SUMMARY OF THE INVENTION
It is one objective of the present invention to provide a dropper seatpost, which allows a user to conveniently adjust a pressure of the high-pressure fluid.
To attain the above objective, the dropper seatpost of the present invention comprises an outer tube, an inner tube, a pressure adjustment member, and a floating piston. The inner tube is disposed movably upward and downward in the outer tube. The inner tube has a top end located outside the outer tube and a bottom end located inside the outer tube. The top end of the inner tube has a first oil chamber and a second oil chamber connected to the first oil chamber. The first and second oil chambers are used for storing an oil. The inner tube has a fluid chamber between the top and bottom ends of the inner tube for storing a high-pressure fluid. The pressure adjustment member is disposed movably in the first oil chamber and driven by an external force to push the oil stored in the first oil chamber to the second oil chamber. The floating piston is disposed movably upward and downward between the second oil chamber and the fluid chamber, such that the floating piston can be pushed by the oil stored in the second oil chamber to compress the high-pressure fluid.

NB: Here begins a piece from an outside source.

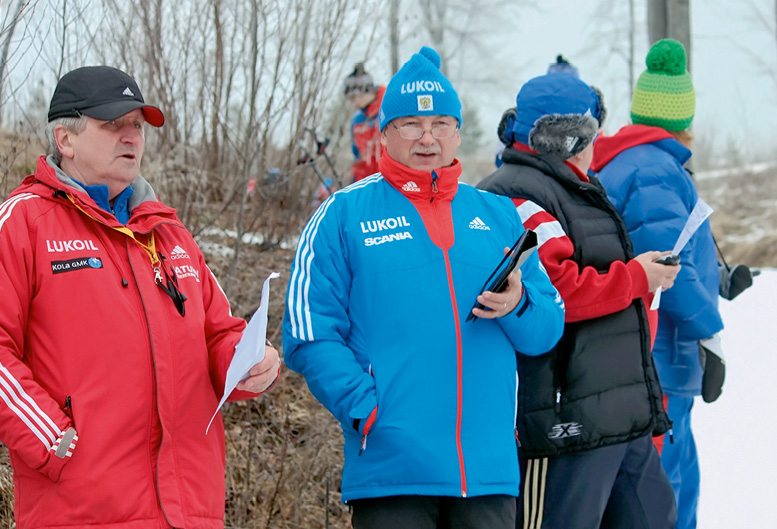 2013 год, Дёмино. На тренерской бирже Виктор Васильевич Кисляков (слева), многолетний тренер женской юниорской сборной команды России 90-х годов. В те времена после выхода из юниорской команды её лидеры, как правило, попадали в десятку на этапах Кубка мира. Рядом с ним — Владимир Данилович Тимофеев — многолетний старший тренер сборной России по резерву (юниоры и молодежь). Он прекрасно понимает все нюансы подготовки. И, надо отдать ему должное, — отслеживает путь своих воспитанников в большом спорте.В. Д. Тимофеев ведет хронометраж гонки на первенстве России среди юношей и девушек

It can be seen from the above that when increasing the pressure of the high-pressure fluid, a user applies an external force to move the pressure adjustment member inward, causing it to push the oil from the first oil chamber into the second oil chamber. Subsequently, the oil in the second oil chamber pushes the floating piston downward, so that the floating piston compresses the high-pressure fluid and thereby increasing its pressure. On the contrary, when decreasing the pressure of the high-pressure fluid, the user applies an external force to move the pressure adjustment member reversely, causing the oil in the second oil chamber to release the force exerted on the floating piston, thus reducing the pressure of the high-pressure fluid. Thai is to say, the dropper seatpost of the present invention allows the user to conveniently adjust the pressure of the high-pressure fluid, and further, the arrangement of the first and second oil chambers does not significantly compromise the structural integrity of the inner tube, ensuring that it provides effective support.
Preferably, the dropper seatpost further provides a fluid pressure cylinder and a push rod. The fluid pressure cylinder is disposed in the inner tube and has a cylinder body provided with the fluid chamber and the floating piston disposed in the cylinder body. The push rod has a head portion located inside the second oil chamber and a rod portion provided with a top end located inside the second oil chamber and connected to the head portion and a bottom end penetrated in the cylinder body and abutted with the floating piston. In this way, when the head portion of the push rod is pushed by the oil stored in the second oil chamber, the rod portion of the push rod pushes the floating piston downward, such that the floating piston compresses the high-pressure fluid stored in the cylinder body.
Preferably, the fluid pressure cylinder further comprises a guide member disposed in the cylinder body and located between the second oil chamber and the floating piston. The guide member has a perforation penetrated by the rod portion of the push rod for guiding the push rod to move down without misalignment.
Preferably, a lower stop portion is provided at a periphery wall of the lower oil area and rested against the heat portion of the push rod for preventing the push rod from continuing to move downward.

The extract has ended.